University of Missouri–St. Louis
Stephanie Van Stee is an Assistant Professor in the Department of Communication at UMSL. She earned her B.A. at Hope College and a Ph.D. at the University of Kentucky in communication. She also worked as a postdoctoral research associate at the University of Kentucky for one year before coming to UMSL.
Her research interests focus on persuasive health messages. In particular, she is interested in message design for campaigns and interventions, with a specific focus on health messages targeted to populations who experience substantial health disparities. She has worked on many research projects, some of which have focused on smoking prevention, condom use, and mental health.
Dr. Van Stee teaches courses in interpersonal communication, research methods, and health communication at the undergraduate level. She will also teach courses at the graduate level in future semesters. Most of her classes are taught face-to-face, but she has also taught interpersonal communication in a four-week summer session; the course was developed through her participation in the Center for Teaching and Learning’s Online in Nine Program for online course development.
What Went Wrong and What Can We Learn?:Understanding the System-wide Impact of the University of Missouri Crisis
Co-Presenter: Jason Martin, Ph.D., Assistant Professor, University of Missouri-Kansas City
During the fall of 2015, several racially charged incidents created a crisis situation at the University of Missouri-Columbia, which is the University of Missouri System’s flagship campus.

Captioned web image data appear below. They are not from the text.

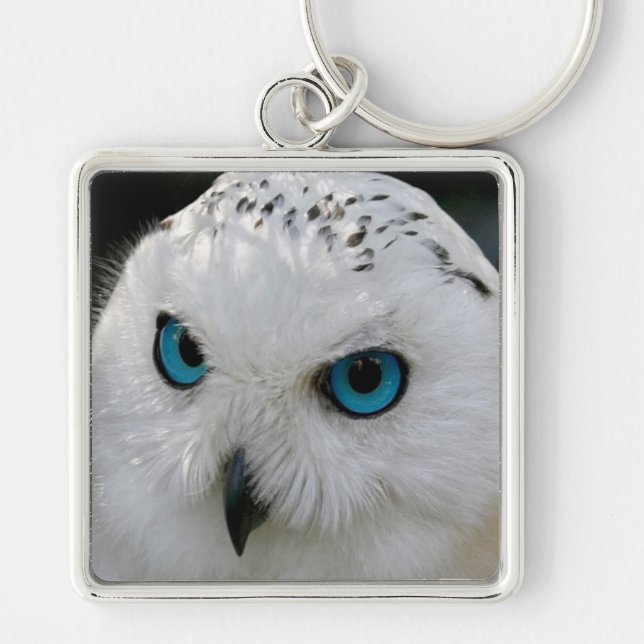 Snowy Owl Keychain (Front)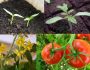 Вегетация растений — что это, и как в такой период они растут и развиваются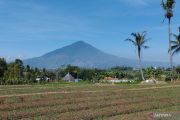 Garut sulap lahan tidur jadi kebun singkong Bioetanol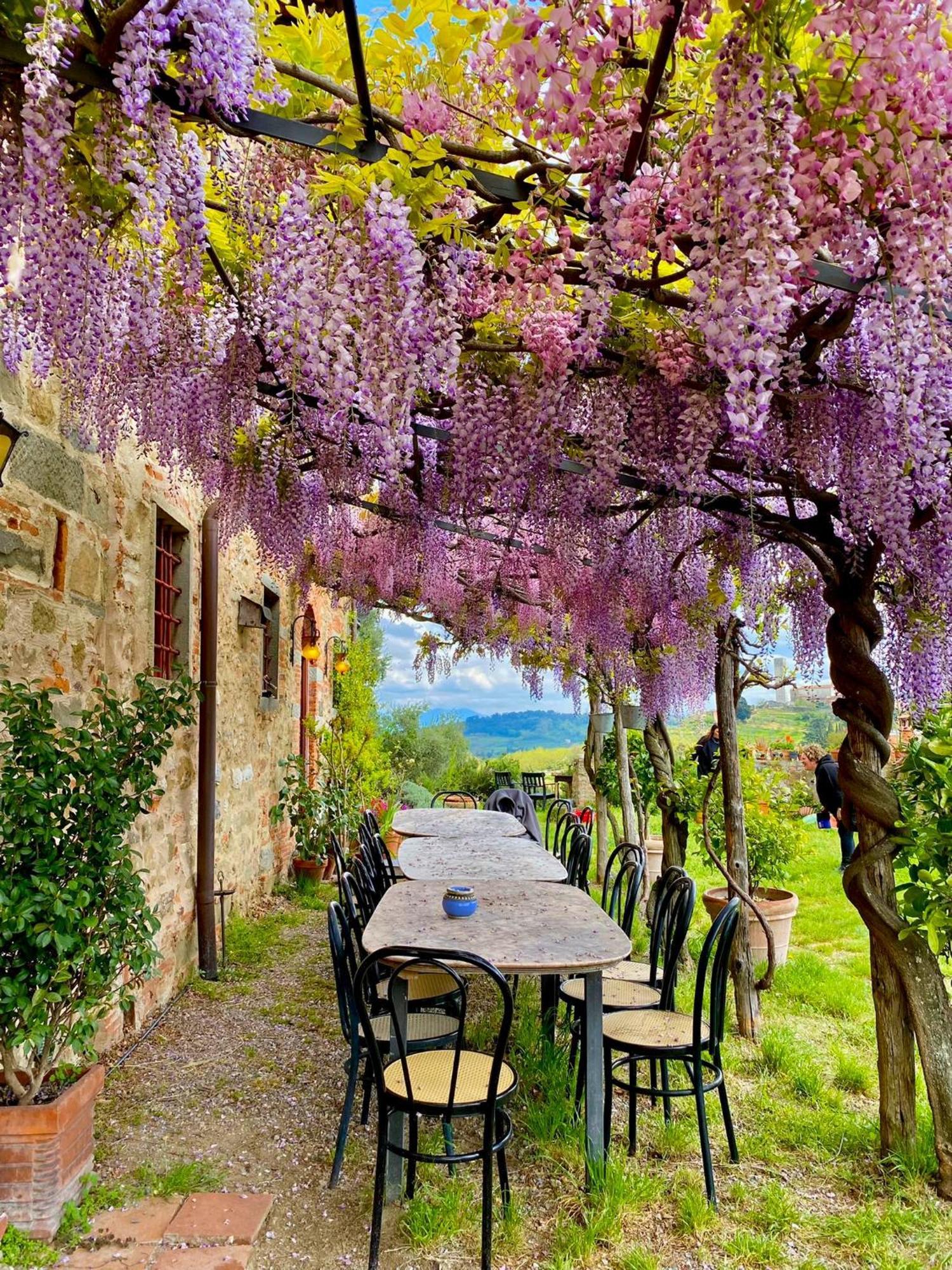 Agriturismo I Pitti Serravalle Pistoiese Buitenkant foto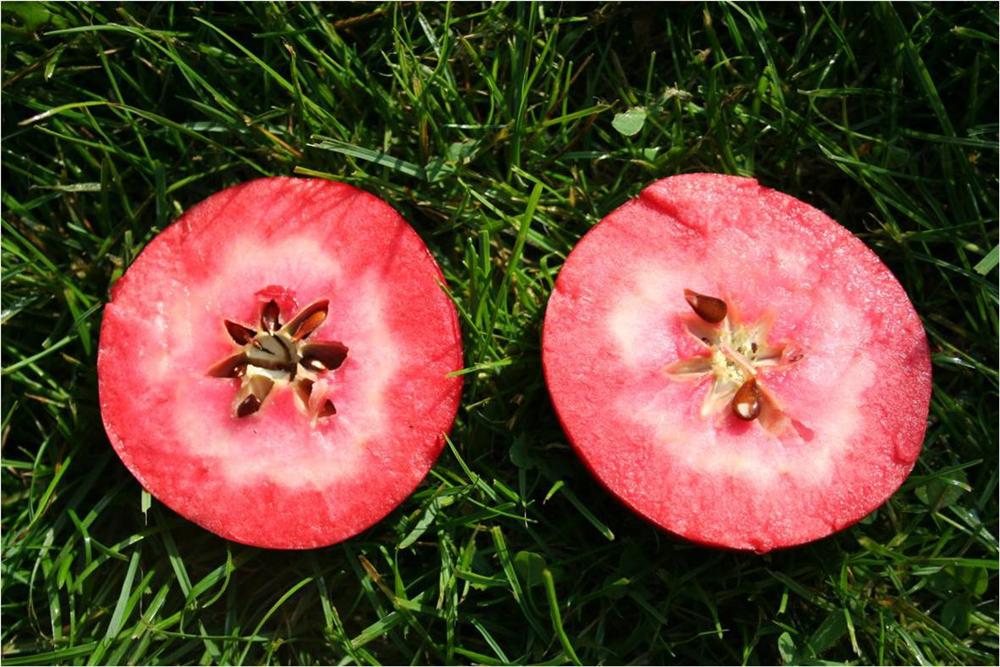 Chị em phấn khích với giống táo vỏ đỏ, ruột cũng đỏ mà lại không phải là quả biến đổi gen-8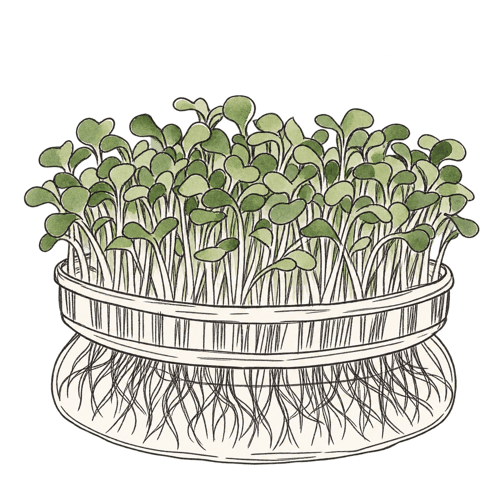Broccoli 'Calabrese' BIO (Gewone groene broccoli kiemgroente)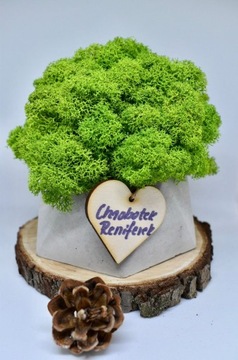 Chrobotkowy las geometryczna doniczka beton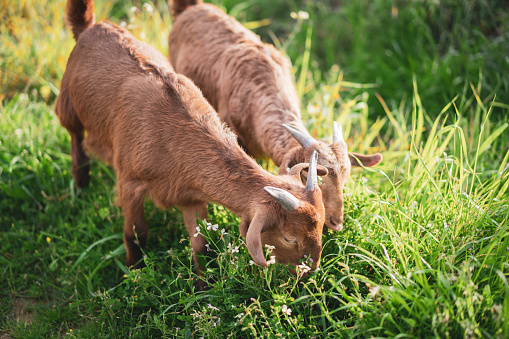 Goat Yeanlings are feeding on a green meadow.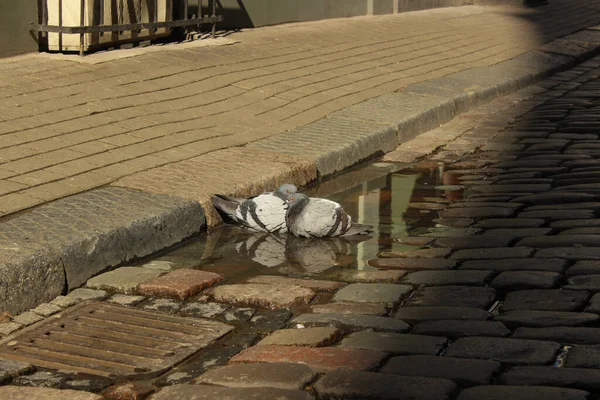 水たまりの中に風呂がある鳩のカップル 街の通りでハトを愛する — ストック写真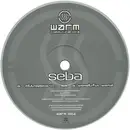 12inch Vinyl Single - Seba - Metropolaris / A Wonderful World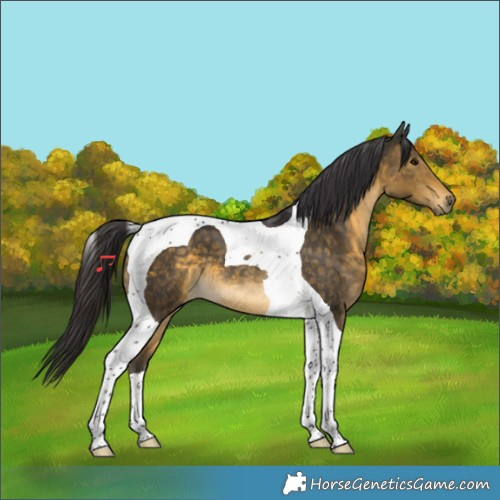 Horse Color:Buckskin Tobiano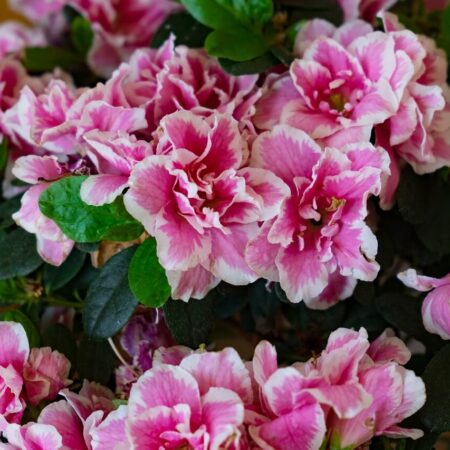 Rododendron indický v kvetináči: Ako ho pestovať?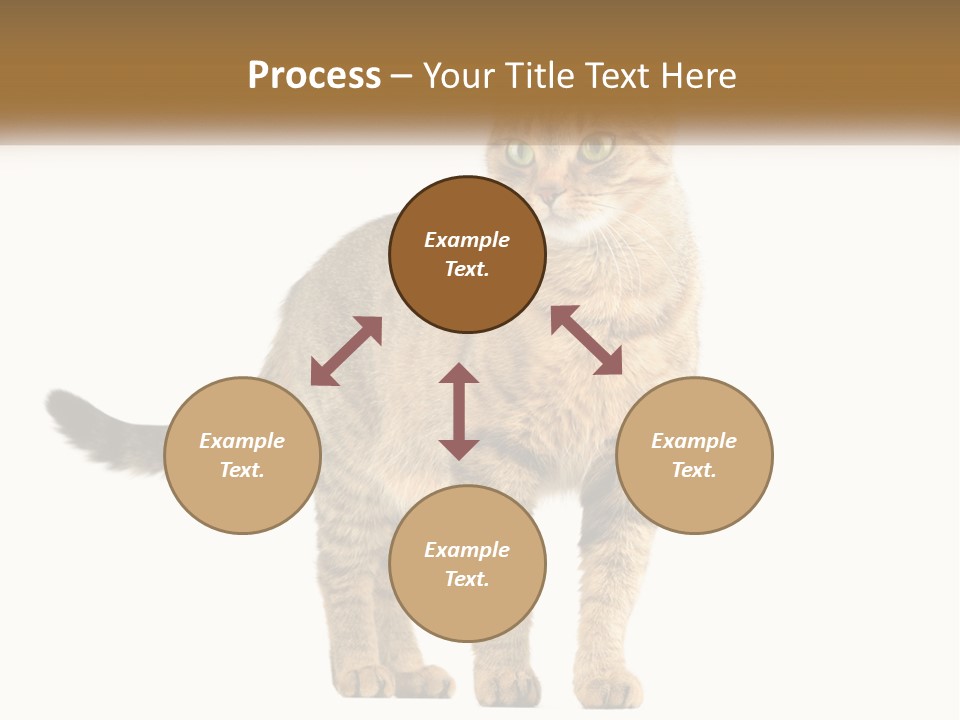A Cat Standing On Top Of A White Surface PowerPoint Template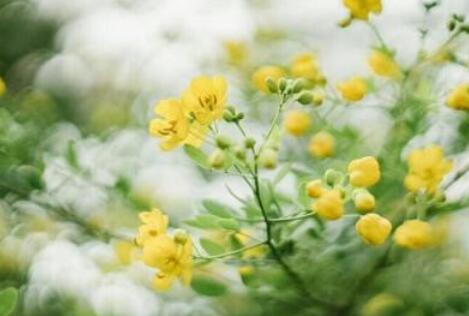 形容五月的句子文案唯美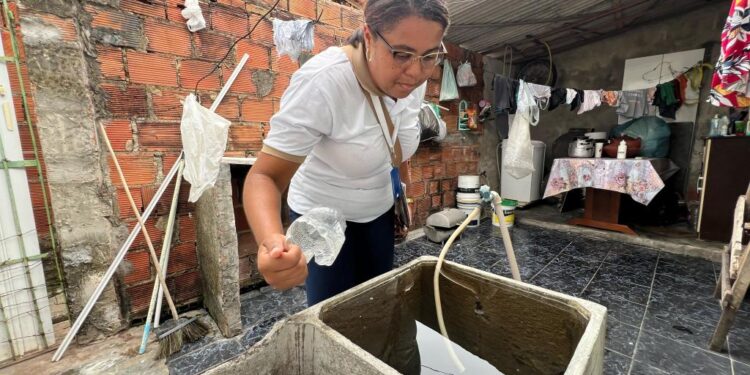 Prefeitura realiza terceiro levantamento para monitorar índices do Aedes aegypti em Aracaju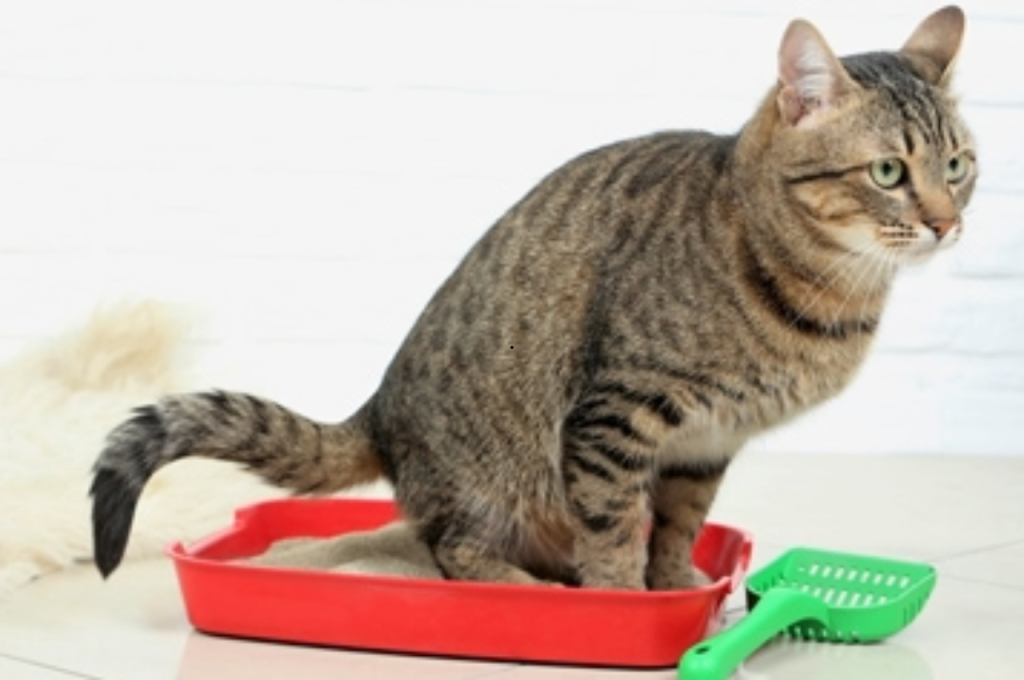 how to help a constipated cat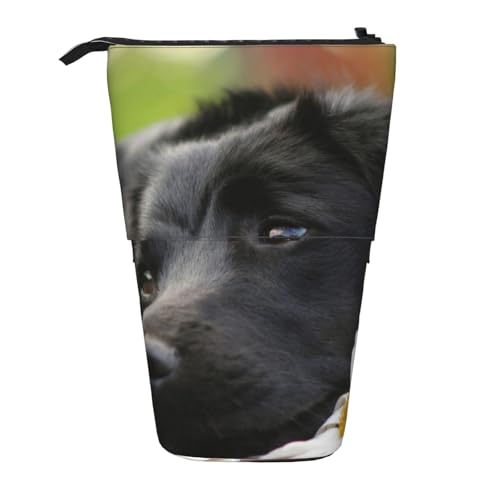 Tcoay Niedliches schwarzes Labrador-Hundemuster, stehender Stiftehalter, Schreibwarentasche, Stiftetasche, Organizer, Teleskop-Federmäppchen von Tcoay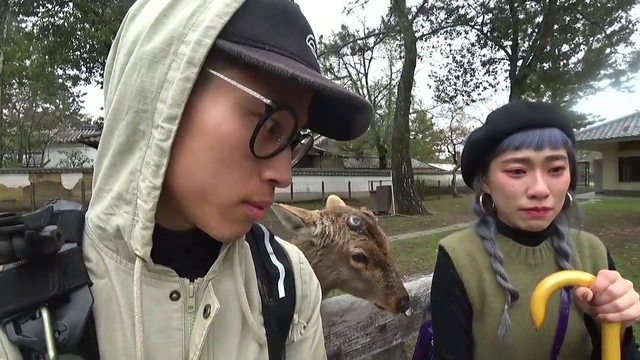Joey gets his Japanese railway pass yoinked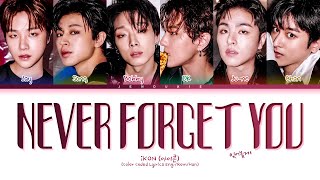 iKON Never Forget You Lyrics 아이콘 잊어볼게 가사 Color Coded Lyrics [upl. by Kimon331]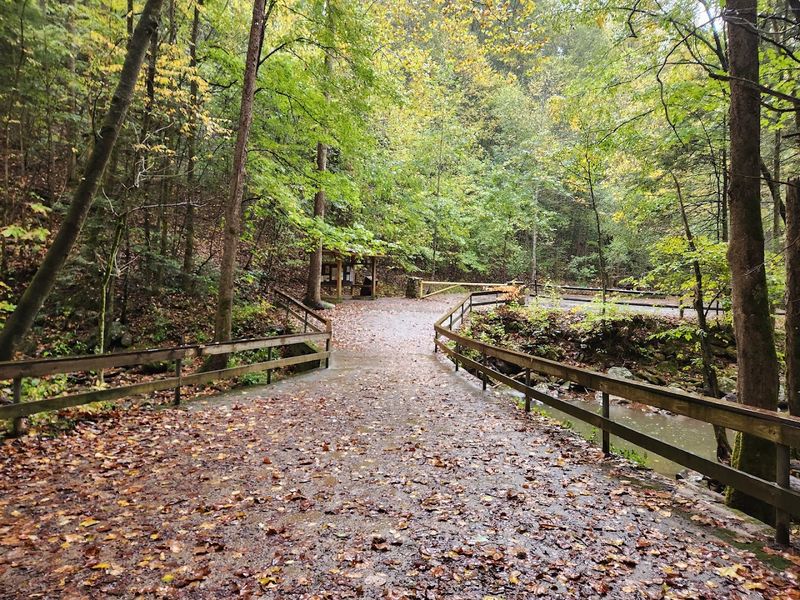 Frozen Head State Park, Wartburg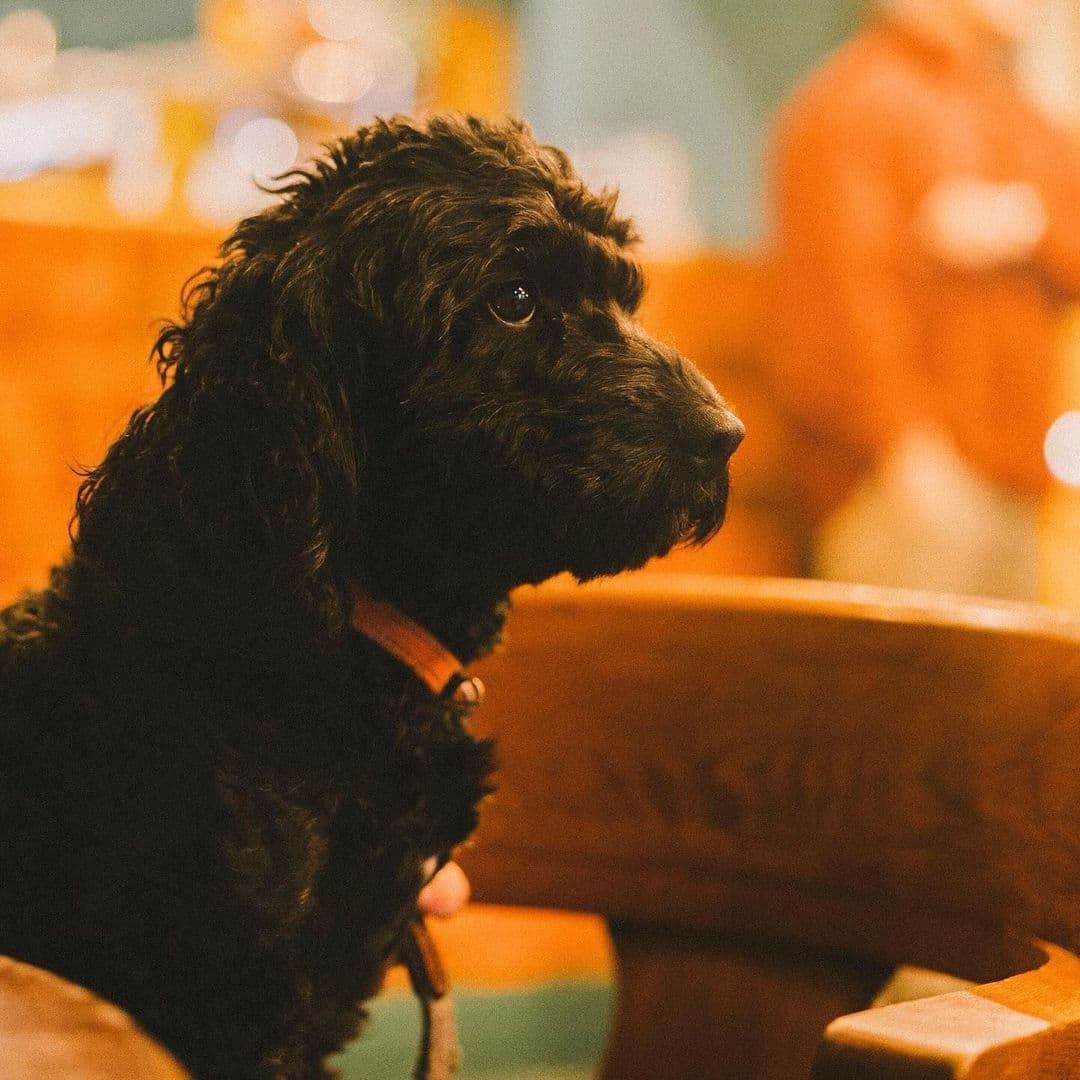 Holding Patterns black dog cafe relaxation pet friendly A black dog sitting on a wooden chair, looking attentively to the side. The background features warm, blurred lights and a cozy atmosphere. Location: Holding Patterns.
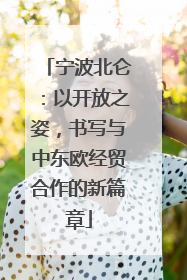宁波北仑：以开放之姿，书写与中东欧经贸合作的新篇章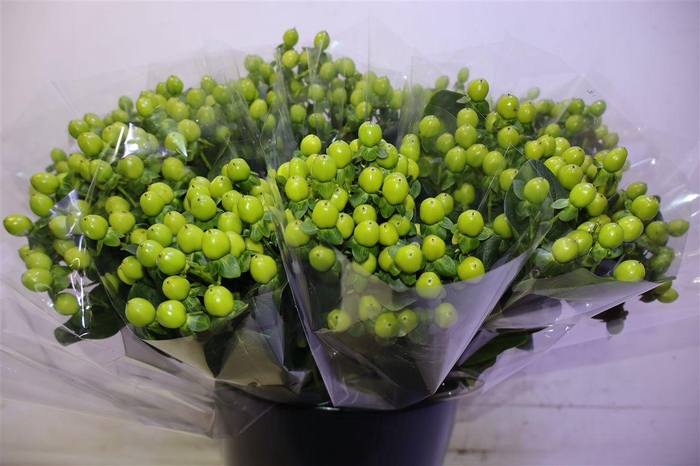 <h4>Hyp Coco Bamboo X5</h4>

Throughout this crisis, it was not only the responses from University of Missouri and Missouri System leaders that became problematic but also their lack of response and delayed action. The racist activity was isolated to the Columbia campus yet the impact was felt system-wide and culminated with the resignations of System President Tim Wolfe and University Chancellor R. Bowen Loftin. This presentation examines the role of leadership—or lack thereof—throughout this situation and utilizes various texts (e.g., speeches, newspaper coverage, press releases) that emerged during the crisis. Its objectives include:
(1) explaining the crisis and various strategies used throughout;
(2) identifying problematic responses and missed opportunities; and
(3) providing insight on what organizations can learn from how the UM System responded.